A code snippet to count the number of similar 1's in a bit-stream

Question

I was trying to count the number of consecutive bits of a bit-stream and I have this code. I assume that, this has to to run until when the number becomes 0 and the count then should return the value. But why is there no conditional statement to equate the number to zero(otherwise i doubt this can be an infinite loop) so that the execution jumps out of the loop and returns the count value once it's over. Please don't duplicate it as I'm only a kid without adequate reputation to comment any doubt.

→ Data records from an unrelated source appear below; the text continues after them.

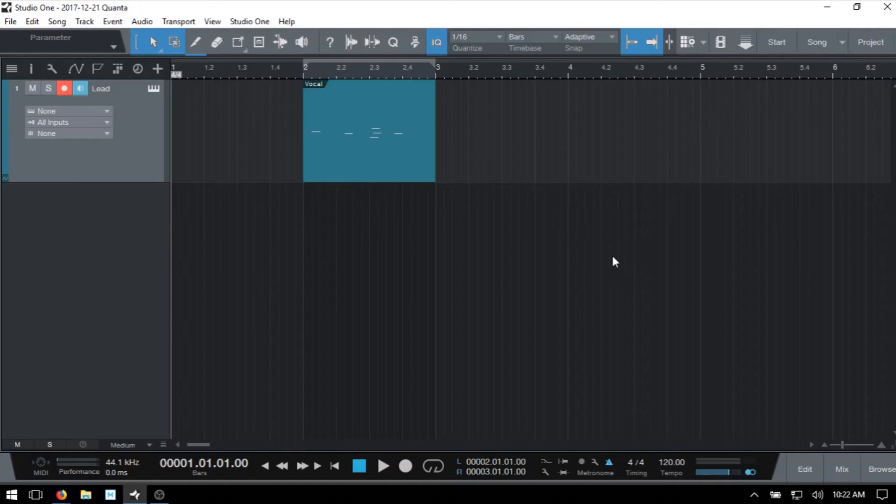So with that, let's get started with the first tip, which is how to nudge MIDI notes.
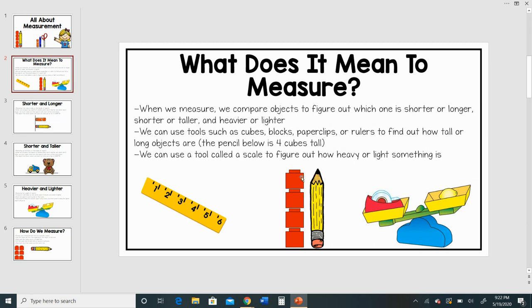You can see below that my pencil — I used cubes to measure it and it is four cubes tall. We can also use a tool called a scale to figure out how heavy or how light something is.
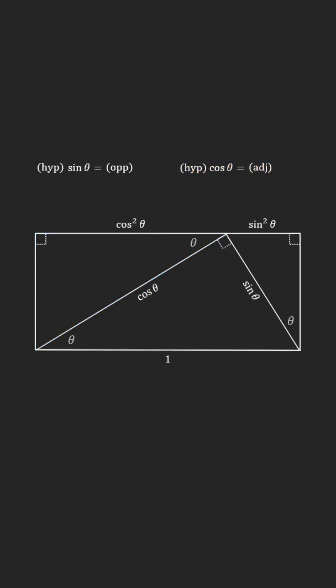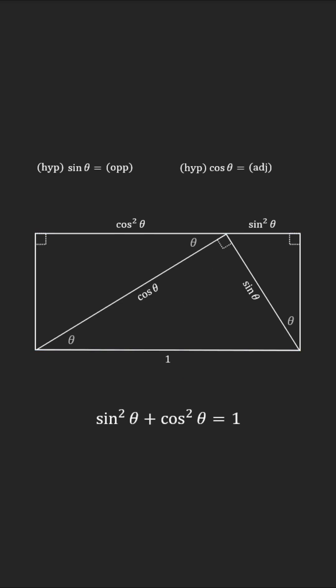However, since it is a part of the rectangle, the rectangle's sides above and below must be of the same length. That is, sine squared of theta plus cosine squared of theta is equal to 1.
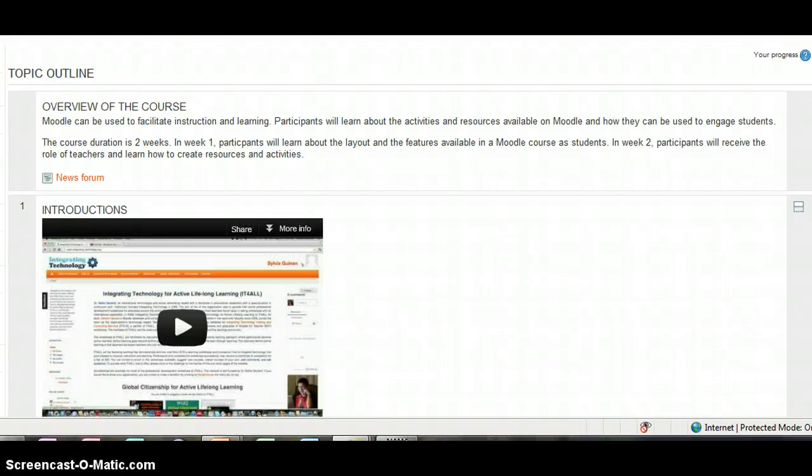Hello, this is Bobby and Jim. Thank you for joining me. We're going to take a look at the first version that I created in Moodle.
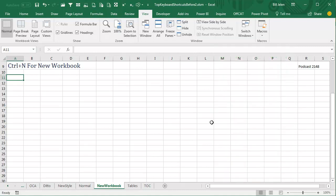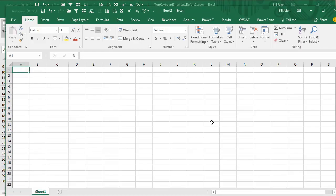When I say new, I mean new, not new dot dot dot. If you have your favorite settings saved in book.xltx, pressing Ctrl-N will inherit those favorite settings.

 int count_consecutive_ones(int in) {
     int count = 0;
     while (in)
     {
         in = (in & (in << 1));
         count++;
     }
     return count;
 }

Answer 1

First of all: The code does not count the number of consecutive bits of a bitstream. All bits in a bitstream are consecutive. That's way it is called a bit stream. It counts the number of consecutive ones in a bitstream. No, not in a bitstream, but in an integer.

Let me explain that:

while(in)
{
  …
}

… is a while loop that runs as long as its condition is true. In C for a long time there has been no boolean type at all. A condition is false if the expression of any type is not a representation of zero, otherwise true. For integers that means, that the value of 0 is false, each other value is true. You can read that as …

while( in != 0)
{
  …
}

… with != in the meaning of unequal.

Inside the loop you have …:

in = (in & (in << 1));

This is a bit tricky: It moves the integer by one bit to the left (in << 1) and then computes the bit-and operation with the original value itself. This produces 1's on all places, where a 1 is aside a 1. Doing that over and over, it counts 1's being aside.

So you do not have to iterate over the bits to find a leading 1 and then the number of 1's following.